Data below Start Marker

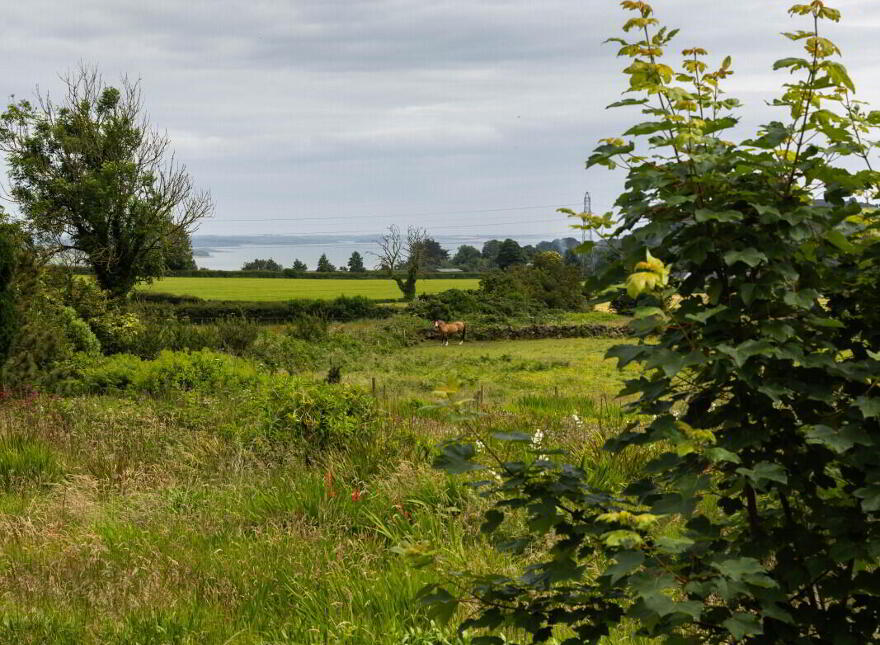 Small Holding + Potential Site, 'The Grange', 35 Ballyrogan Park, Newtownards, BT23 4SD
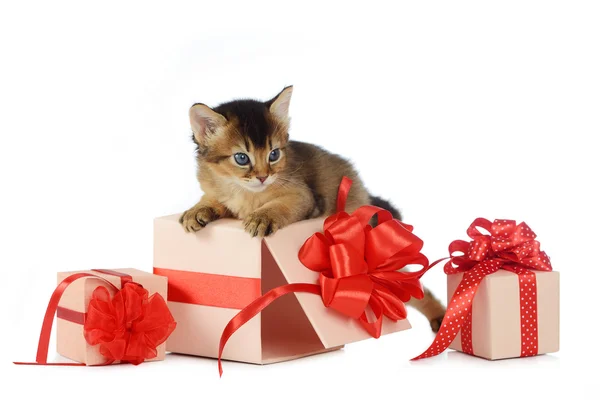 Cute somali kitten on a present box isolated on white background — Stock Photo, Image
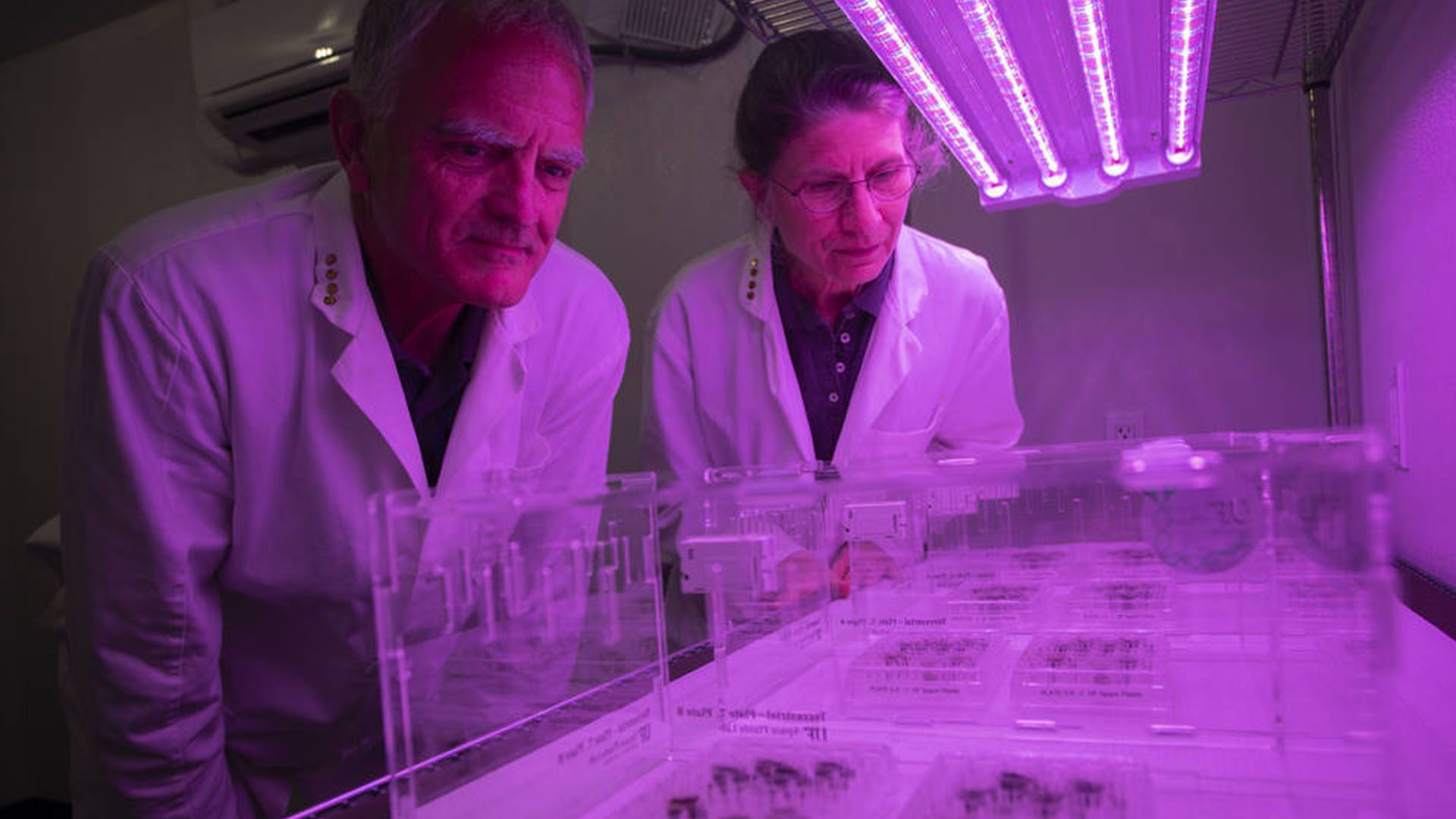 Scientists Successfully Grow Plants in Lunar Soil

Data below End Marker

**What is needed**. Set down the material word for word, and drop every picture from it.

**Written solution**.
 Small Holding + Potential Site, 'The Grange', 35 Ballyrogan Park, Newtownards, BT23 4SD
 Cute somali kitten on a present box isolated on white background — Stock Photo, Image
 Scientists Successfully Grow Plants in Lunar Soil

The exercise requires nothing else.